Thursday, June 20, 2013
Dylan Shearer "Porchpuddles" on Empty Cellar Records
You could say that psych rock officially began with The 13th Floor Elevators and - let’s face it - LSD. It has, in the forty years since, mutated and combined with elements of freak folk even picking up some of Brian Eno’s atmospheric methodology along the way. Porchpuddles by Dylan Shearer expands on this thread into a quietly unsettling mix of hushed but spacious tracks. Hazy psych originated and flourished on the West coast, especially in the San Francisco Bay area, where Dylan currently lives and naturally cultivated his hybrid of muted perception.
The film Eraserhead clearly drew a line in the sand; you either enjoy giving in to the unknown or it’s an experience that will leave you frustrated. Slowcore bands like Rex and Fuck had the same problem with tempo; if you aren’t going to sit back and accept their deliberately slow ride then Porchpuddles also isn’t going to reveal itself. What Dylan is able to accomplish given this self imposed minimal environment continues to be amazing with each listen.

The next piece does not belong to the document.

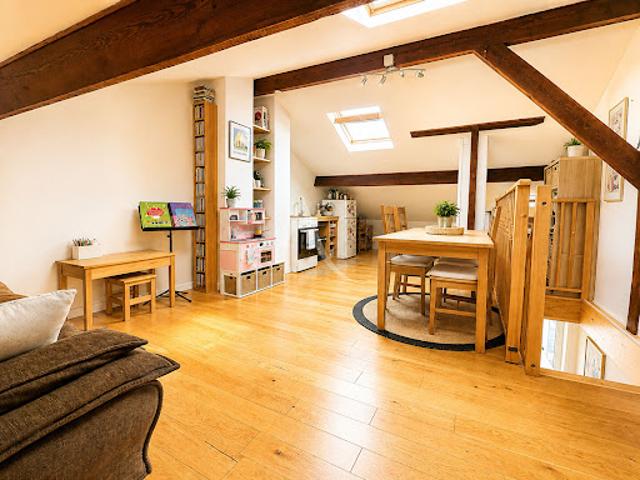 Vente Appartement 3 pièces 58 m2 Fontenay sous Bois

“Afterwhile” begins with a minimal electric guitar, slow, timid, and loud as hell. It’s turned up to a Velvet Underground level, amplifying those unavoidable imperfections, but in the process, humanizing the tracks. The chord changes groan and squeak, skittering across the fret board, ignoring polish. Dylan’s low, quivering vocal has a lot in common with Tim Cohen’s woozy folk roots, and he also lets his vocal melody evolve to look for cracks to creep in, often at odds with the electric guitar and hint of percussion. “Vacancies” goes further down the ambling folk road with a skeleton thin guitar that barely props up the meat of the lyric. Tim Cohen calls Dylan “A ghost of the present” in the press release and the comparison is something I can't escape. He’s literally delivering his phantom vocal in a moaning flutter that floats through open windows and down with falling leaves in the backyard. He’s created a real sense of calm in singing about sitting in a waiting room again, his world is running on another speed. It’s a perfect soundtrack for that passive activity…or taking a nap. Not because it’s boring, but it’s functioning as a lullaby in its subtle changes and tranquil melodies. A banjo pokes through the fluctuating rhythm of bass as if there are a few different songs wrapped up in each other. His improbable approach to song construction comes together like a driftwood shack on a foggy beach, adding to the dreamland feel, asking how this could possibly continue to hold itself together. Especially on “Tardy Party” which can barely keep a regular strumming rhythm, like the best Will Oldham moments, its stumbling home at the end of a drunken evening with the right kind of slowness.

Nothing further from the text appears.